Here are the completed Fingerless Gloves, looking gorgeous on their gorgeous new owner. I’m in the process of typing up the instructions at the moment. I learnt a few new skills with these – Knitting into the back of the second stitch, and knitting fingers. There’s always something new to learn in this game. 🙂
I hope to have the pattern out in the next few days. I’m glad there’s some winter left for them to be worn in!
My next venture is a scarf knitted in a Mosaic stitch. This is a pattern where two colours are used, but only one on each row. By slipping stitches, or some other method, it looks like two colours are used on the one row, when only one has been used. The particular stitch I’m using doesn’t used slipped stitches, but knit into the stitch below. This effectively drops a stitch to mix the colours. It’s easier than I thought it would be. It’s lots of fun having so many stitch types to try.

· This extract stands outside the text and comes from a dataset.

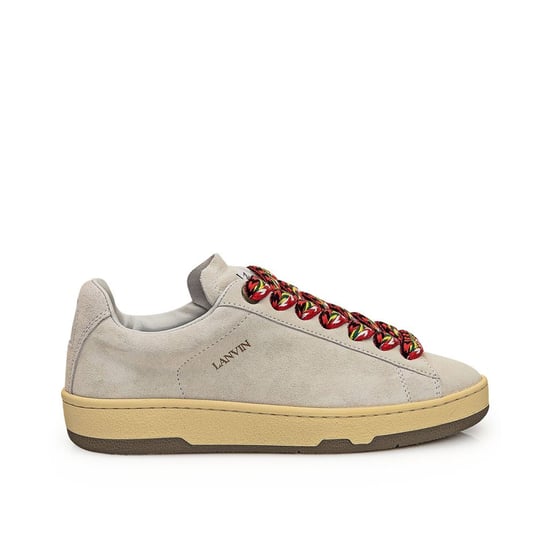 Lanvin Curb Sneakers - Image 1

This is producing a fantastically light, soft fabric that will be great for a scarf.
I’m limping along, step by step, to the end of these gloves. There’s nothing particularly difficult about them. Once I’d worked out how to do fingers, the second glove should have been a cinch. Maybe I’ve got second glove syndrome. Or it could have been the school holidays. I can’t think of a really good excuse, so what the hell, I’ll get there in the end.

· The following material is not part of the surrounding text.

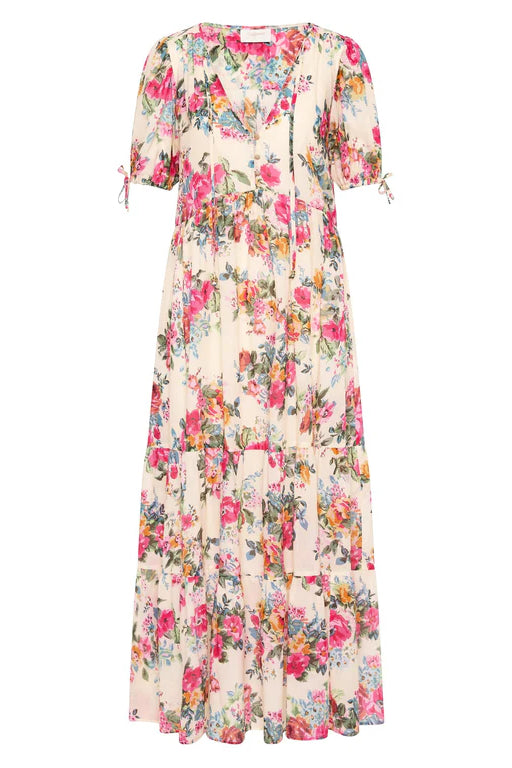 Auguste Evie Maxi Dress | Floral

The gloves are currently blocking, and hopefully will be dry enough to weave in the ends in the next couple of days.
I can hear True Grit (the old one) in the background which is slightly distracting. It’s hard to ignore John Wayne.
While I’m waiting, I’ll be preparing a test swatch for another magazine submission. My previous success has emboldened me to have another go. This time I thought I’d try some fingerless mitts. Might as well push my luck on the whole mitts/gloves thing.
Am I making my very own Edward Scissorhands? No, but this is very much what it looks like, I have discovered, when one knits gloves. Even more so, when you have a half completed finger with three double pointed needles in it. It’s a fascinating process. This glove is now complete, though not yet photographed as such. It’s taken quite a lot of glove pattern study, and quiet thinking and calculating time to work out how to do the fingers. But it all makes sense when it’s broken down.
These gloves may seem quite long, but that’s how they should be, according to the teenagers in my life.